(Data entries)
+---+
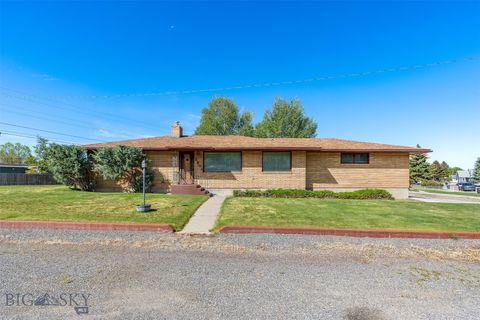 Photo of 3801 Continental DR, Butte, MT 59701 (MLS # 411993)
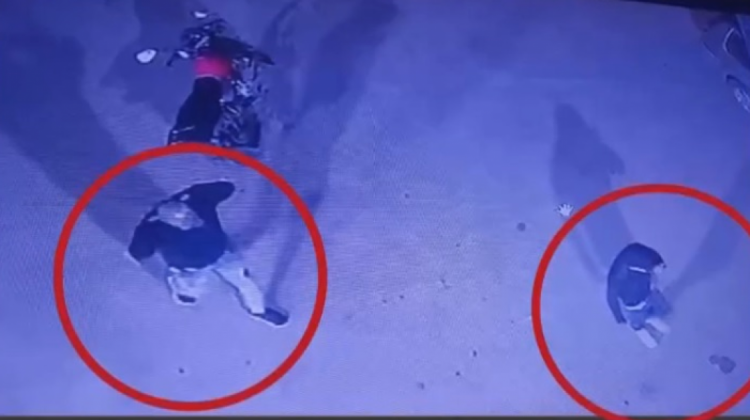 Cámara de seguridad que identifica a los dos atracadores. Captura de pantalla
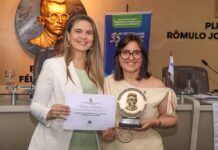 Vereadora Carol Gomes entrega Medalha de Honra ao Mérito ao Conselho Municipal de Saúde por seus 35 anos de existência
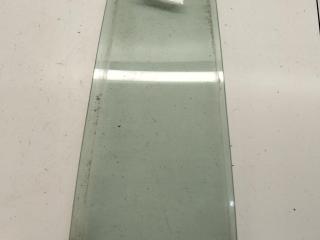 форточка задняя правая Volkswagen Golf 4 поколение 2004, 1.9 л., дизель, МКПП, синий, универсал, 1J9845216A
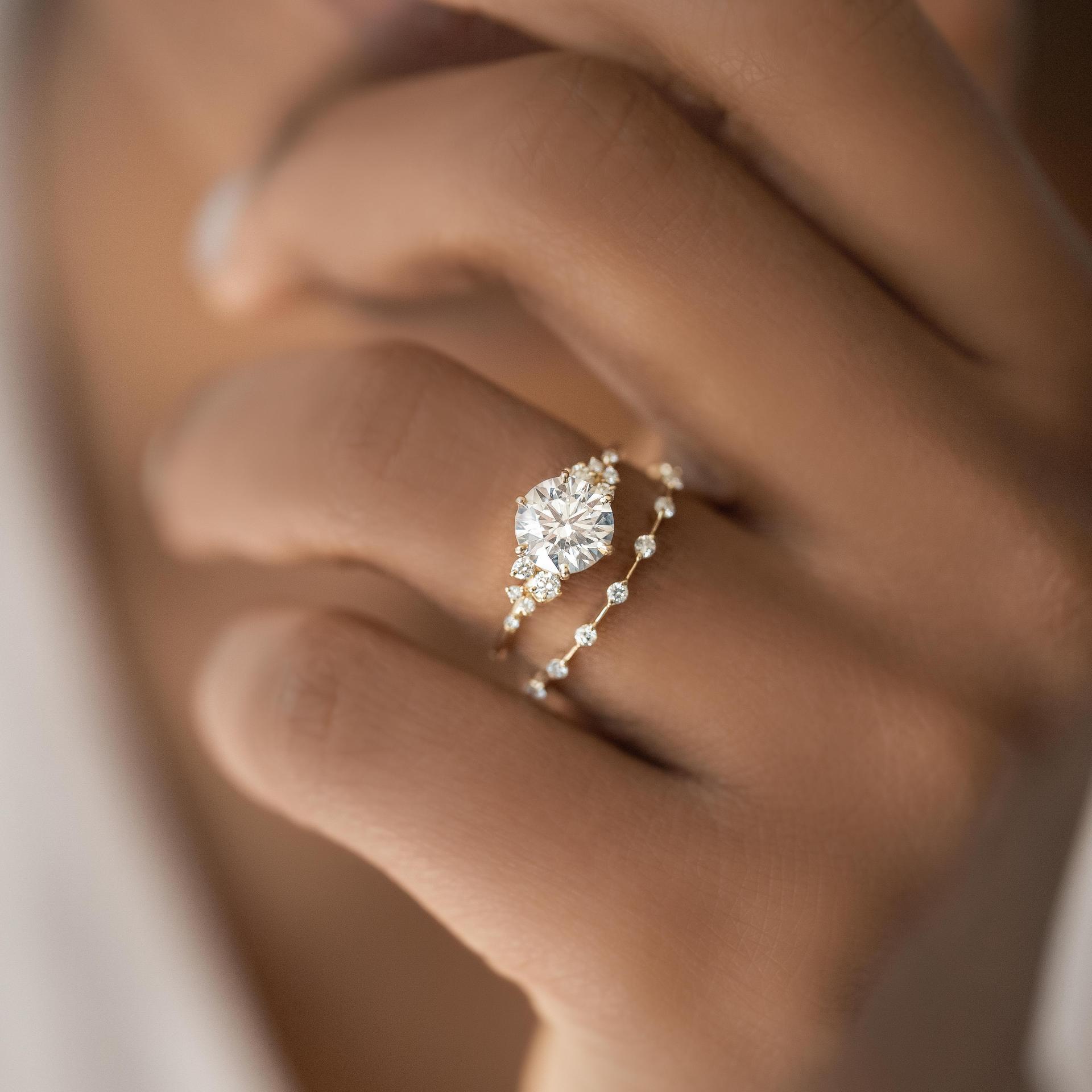 Montana Moissanite Engagement Ring Ring LATUKI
+---+
** Work to be completed **
Copy the records above exactly, omitting every picture.

** Result for this exercise **
 Photo of 3801 Continental DR, Butte, MT 59701 (MLS # 411993)
 Cámara de seguridad que identifica a los dos atracadores. Captura de pantalla
 Vereadora Carol Gomes entrega Medalha de Honra ao Mérito ao Conselho Municipal de Saúde por seus 35 anos de existência
 форточка задняя правая Volkswagen Golf 4 поколение 2004, 1.9 л., дизель, МКПП, синий, универсал, 1J9845216A
 Montana Moissanite Engagement Ring Ring LATUKI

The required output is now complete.